Top of MATERIAL FOR THIS EXERCISE
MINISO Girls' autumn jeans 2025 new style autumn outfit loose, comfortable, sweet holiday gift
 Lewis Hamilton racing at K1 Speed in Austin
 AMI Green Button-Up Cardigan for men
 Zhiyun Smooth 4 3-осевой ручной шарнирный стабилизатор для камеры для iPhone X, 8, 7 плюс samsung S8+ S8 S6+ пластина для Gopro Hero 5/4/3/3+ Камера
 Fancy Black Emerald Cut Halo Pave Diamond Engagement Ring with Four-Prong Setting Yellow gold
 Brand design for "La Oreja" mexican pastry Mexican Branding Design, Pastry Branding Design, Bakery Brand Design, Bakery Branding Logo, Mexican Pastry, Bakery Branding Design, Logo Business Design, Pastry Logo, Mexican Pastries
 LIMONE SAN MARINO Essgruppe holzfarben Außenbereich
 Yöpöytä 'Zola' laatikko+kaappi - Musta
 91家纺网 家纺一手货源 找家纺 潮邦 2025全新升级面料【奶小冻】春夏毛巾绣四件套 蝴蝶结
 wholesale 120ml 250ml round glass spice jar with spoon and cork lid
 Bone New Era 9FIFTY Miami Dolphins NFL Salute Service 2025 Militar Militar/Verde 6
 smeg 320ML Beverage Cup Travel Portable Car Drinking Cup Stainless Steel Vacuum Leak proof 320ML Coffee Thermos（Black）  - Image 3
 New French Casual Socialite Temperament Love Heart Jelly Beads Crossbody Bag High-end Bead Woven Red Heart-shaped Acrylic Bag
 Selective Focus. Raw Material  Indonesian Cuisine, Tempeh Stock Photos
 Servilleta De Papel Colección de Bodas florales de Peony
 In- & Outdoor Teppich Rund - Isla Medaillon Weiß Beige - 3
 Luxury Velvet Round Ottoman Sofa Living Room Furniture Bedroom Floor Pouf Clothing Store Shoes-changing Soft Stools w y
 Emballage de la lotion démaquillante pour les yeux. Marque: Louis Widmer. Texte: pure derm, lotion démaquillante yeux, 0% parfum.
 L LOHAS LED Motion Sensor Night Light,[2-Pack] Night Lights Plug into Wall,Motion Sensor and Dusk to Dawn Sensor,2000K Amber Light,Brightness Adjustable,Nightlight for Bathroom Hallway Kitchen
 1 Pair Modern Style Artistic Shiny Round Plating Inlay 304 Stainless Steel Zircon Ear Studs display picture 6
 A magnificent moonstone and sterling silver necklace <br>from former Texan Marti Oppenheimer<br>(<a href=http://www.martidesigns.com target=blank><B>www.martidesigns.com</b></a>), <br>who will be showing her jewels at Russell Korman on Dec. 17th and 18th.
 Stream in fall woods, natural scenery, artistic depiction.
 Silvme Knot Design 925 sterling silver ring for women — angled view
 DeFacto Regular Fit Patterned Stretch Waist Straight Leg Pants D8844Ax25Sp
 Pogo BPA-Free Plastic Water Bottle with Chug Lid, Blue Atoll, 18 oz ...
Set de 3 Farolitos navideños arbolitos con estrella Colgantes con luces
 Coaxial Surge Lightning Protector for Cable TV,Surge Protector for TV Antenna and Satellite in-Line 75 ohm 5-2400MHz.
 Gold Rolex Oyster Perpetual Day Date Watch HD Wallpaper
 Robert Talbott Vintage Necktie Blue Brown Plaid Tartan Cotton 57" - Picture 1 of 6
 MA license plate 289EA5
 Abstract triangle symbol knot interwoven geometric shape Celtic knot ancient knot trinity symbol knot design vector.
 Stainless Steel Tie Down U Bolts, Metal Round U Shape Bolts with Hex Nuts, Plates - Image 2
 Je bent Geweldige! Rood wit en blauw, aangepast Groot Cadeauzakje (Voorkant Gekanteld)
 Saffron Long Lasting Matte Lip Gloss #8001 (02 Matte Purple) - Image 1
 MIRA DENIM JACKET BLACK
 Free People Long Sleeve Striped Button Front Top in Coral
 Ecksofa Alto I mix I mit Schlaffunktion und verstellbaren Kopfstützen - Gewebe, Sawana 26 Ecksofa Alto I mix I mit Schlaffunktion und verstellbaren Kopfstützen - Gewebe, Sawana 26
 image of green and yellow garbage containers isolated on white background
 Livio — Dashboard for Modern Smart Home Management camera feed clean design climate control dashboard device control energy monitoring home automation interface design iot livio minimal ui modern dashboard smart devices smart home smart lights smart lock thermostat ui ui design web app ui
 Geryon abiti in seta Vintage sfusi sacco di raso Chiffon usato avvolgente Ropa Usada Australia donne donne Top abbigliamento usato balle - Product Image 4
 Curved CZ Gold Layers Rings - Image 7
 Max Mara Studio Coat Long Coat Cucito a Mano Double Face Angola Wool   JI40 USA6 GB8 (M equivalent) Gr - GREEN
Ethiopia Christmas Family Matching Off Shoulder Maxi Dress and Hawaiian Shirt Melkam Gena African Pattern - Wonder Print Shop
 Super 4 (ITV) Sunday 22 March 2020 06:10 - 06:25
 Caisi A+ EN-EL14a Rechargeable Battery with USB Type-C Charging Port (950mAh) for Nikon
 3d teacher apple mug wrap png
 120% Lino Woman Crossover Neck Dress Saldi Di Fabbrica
Bottom of MATERIAL FOR THIS EXERCISE
* PROBLEM TO SOLVE:
Starting at the line above that contains "Stream in fall", write out each line exactly until the line that contains "image of green" has been written, and stop there.

* EXPECTED OUTPUT:
 Stream in fall woods, natural scenery, artistic depiction.
 Silvme Knot Design 925 sterling silver ring for women — angled view
 DeFacto Regular Fit Patterned Stretch Waist Straight Leg Pants D8844Ax25Sp
 Pogo BPA-Free Plastic Water Bottle with Chug Lid, Blue Atoll, 18 oz ...
Set de 3 Farolitos navideños arbolitos con estrella Colgantes con luces
 Coaxial Surge Lightning Protector for Cable TV,Surge Protector for TV Antenna and Satellite in-Line 75 ohm 5-2400MHz.
 Gold Rolex Oyster Perpetual Day Date Watch HD Wallpaper
 Robert Talbott Vintage Necktie Blue Brown Plaid Tartan Cotton 57" - Picture 1 of 6
 MA license plate 289EA5
 Abstract triangle symbol knot interwoven geometric shape Celtic knot ancient knot trinity symbol knot design vector.
 Stainless Steel Tie Down U Bolts, Metal Round U Shape Bolts with Hex Nuts, Plates - Image 2
 Je bent Geweldige! Rood wit en blauw, aangepast Groot Cadeauzakje (Voorkant Gekanteld)
 Saffron Long Lasting Matte Lip Gloss #8001 (02 Matte Purple) - Image 1
 MIRA DENIM JACKET BLACK
 Free People Long Sleeve Striped Button Front Top in Coral
 Ecksofa Alto I mix I mit Schlaffunktion und verstellbaren Kopfstützen - Gewebe, Sawana 26 Ecksofa Alto I mix I mit Schlaffunktion und verstellbaren Kopfstützen - Gewebe, Sawana 26
 image of green and yellow garbage containers isolated on white background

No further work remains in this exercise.